Von Jan Heidtmann und Henrike Roßbach, Berlin

Zwei Fragen begleiteten Franziska Giffey voriges Jahr durch die Republik: Welche Konsequenzen sie aus den Plagiatsvorwürfen wegen ihrer Doktorarbeit ziehen werde. Und ob sie Regierende Bürgermeisterin von Berlin werden wolle. Die erste Frage beantwortete die Bundesfamilienministerin im Spätsommer mit ihrem Verzicht auf die Kandidatur für den SPD-Vorsitz. Die zweite beantwortete sie am Mittwoch.

Jedenfalls indirekt. "Ich bin Berlinerin, und als Berlinerin liebe ich meine Stadt", sagte Giffey am frühen Abend, als sie gemeinsam mit dem Berliner SPD-Fraktionschef Raed Saleh und dem noch Regierenden Bürgermeister Michael Müller ihre Zukunftspläne verkündete. Sie wolle, dass es ihrer Stadt gut gehe, und sie wolle dazu ihren Beitrag leisten.
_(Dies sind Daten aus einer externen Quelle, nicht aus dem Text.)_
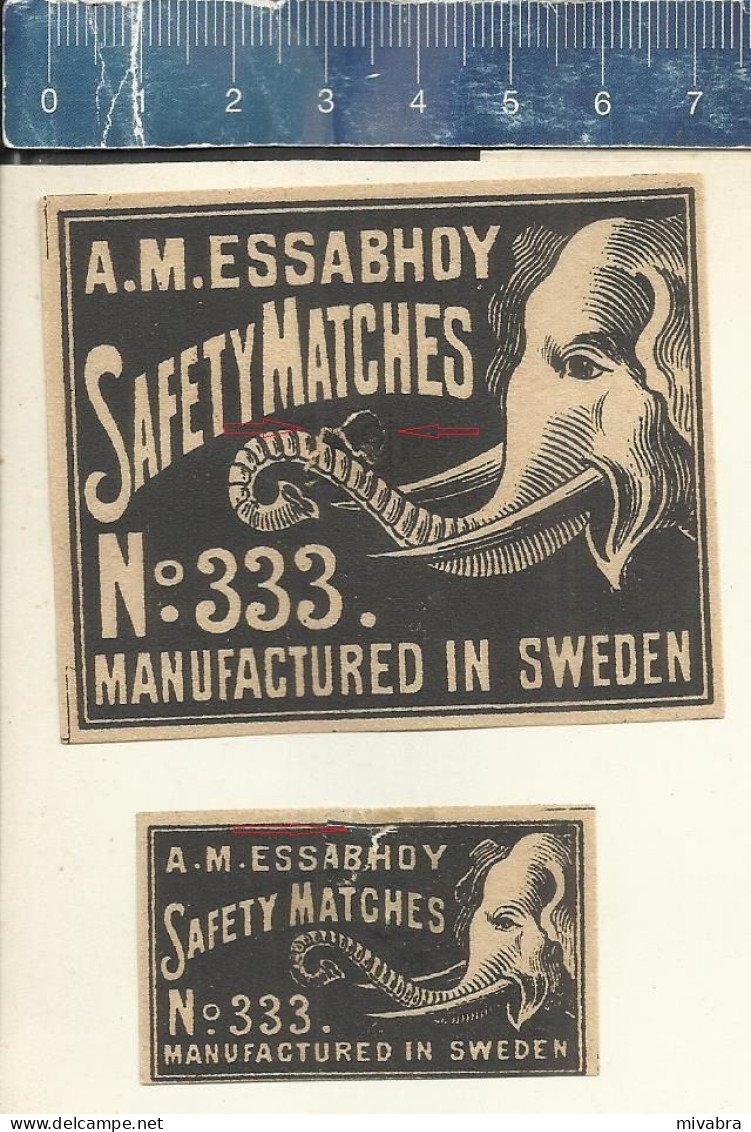 ELEPHANT SAFETY MATCHES N° 333  A.M. ESSABHOY - OLD VINTAGE EXPORT MATCHBOX LABELS MADE IN SWEDEN - Matchbox Labels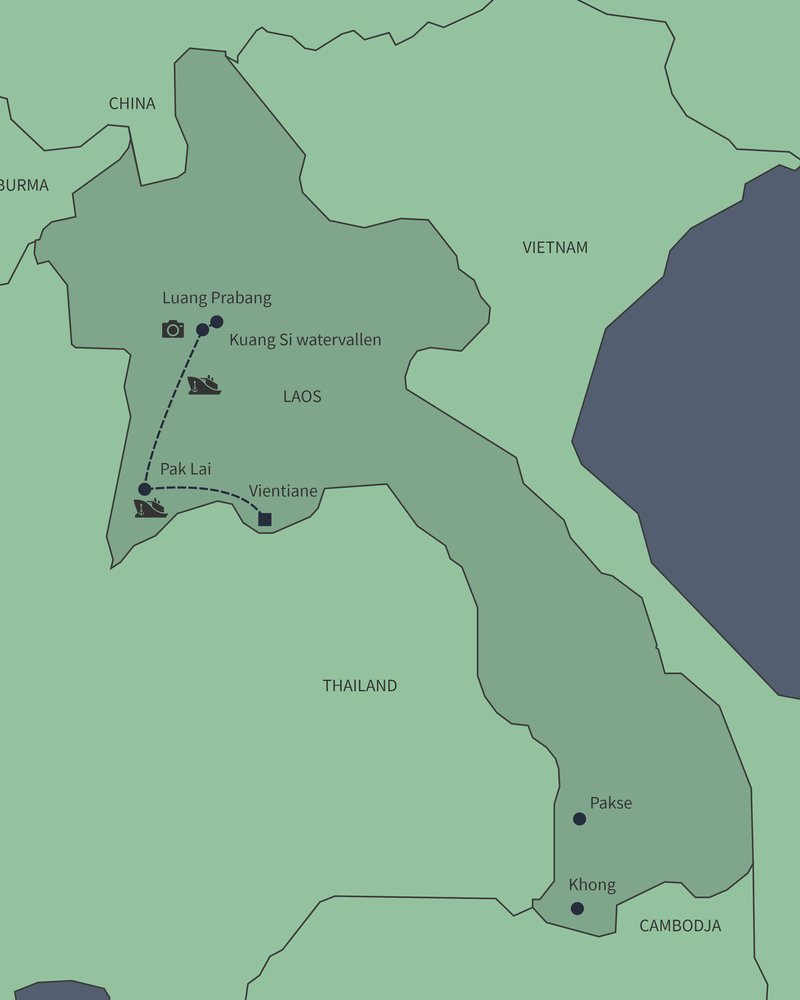 Routekaart van Cruise van Luang Prabang naar Vientiane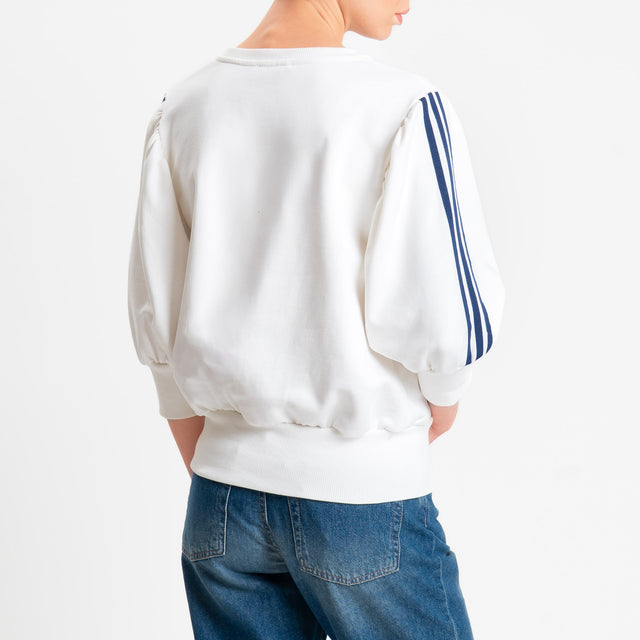 Motel-Felpa girocollo bande laterali - panna/blu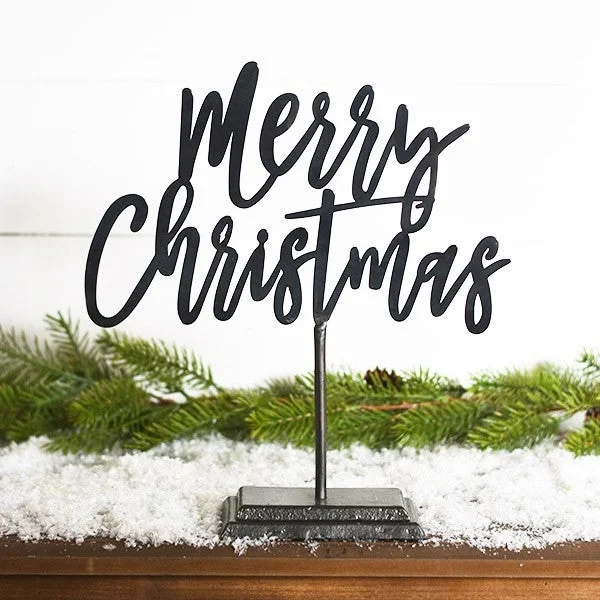 Mid-length Style HX1914004 Table "Merry Christmas" Tin Sign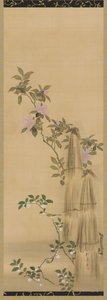 Fleurs roses et blanches et couvertures de paille, période Edo, 1761-1828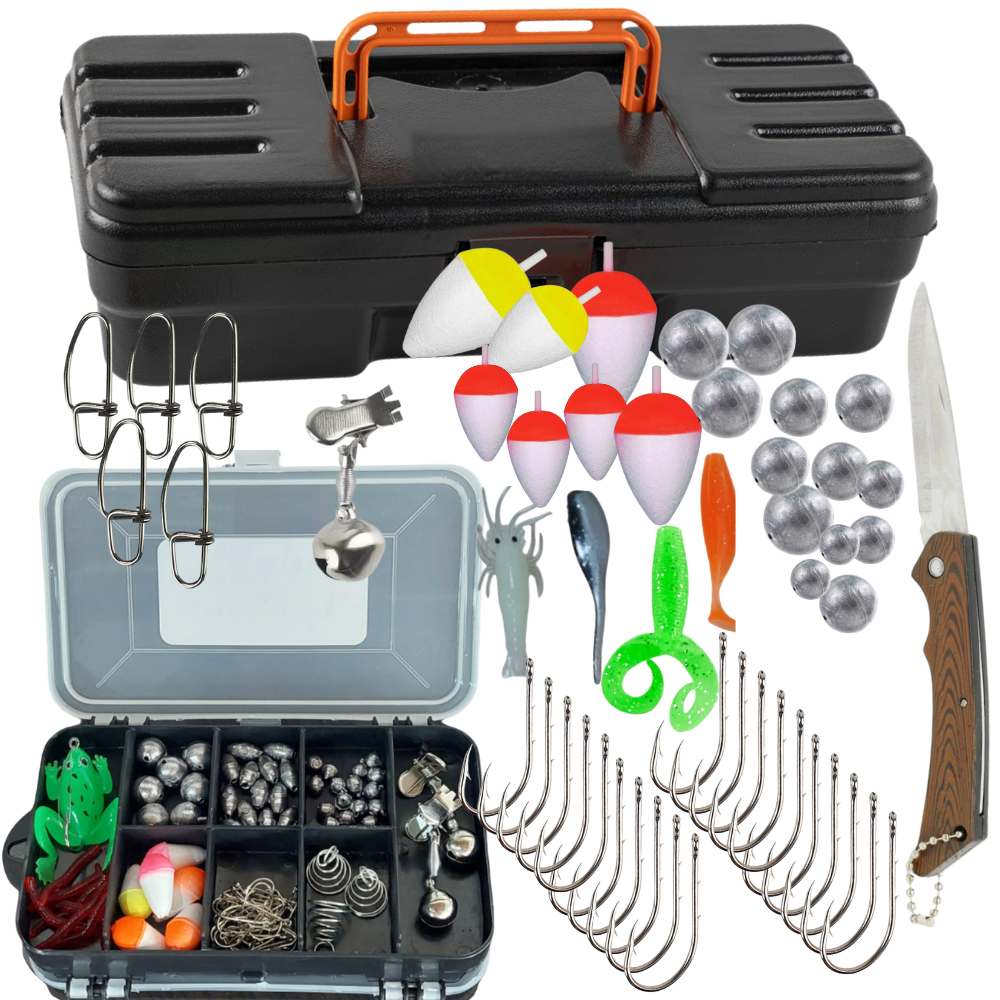 Maleta mais Estojo completo com acessorios para pesca esportiva Lazer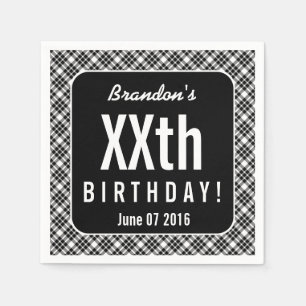 Serviette Jetable BLACK PLAID chaque année Anniversaire B05A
Zuvor hatte Müller angekündigt, im Mai nicht mehr für den Landesparteivorsitz zu kandidieren. "Ich glaube, dass es gut ist, wenn jetzt neue Köpfe Verantwortung übernehmen", sagte er. Wer diese neuen Köpfe sein sollen, war am späten Dienstagabend unter den mächtigen Bezirksvorsitzenden besprochen worden: Giffey und Saleh, als Doppelspitze.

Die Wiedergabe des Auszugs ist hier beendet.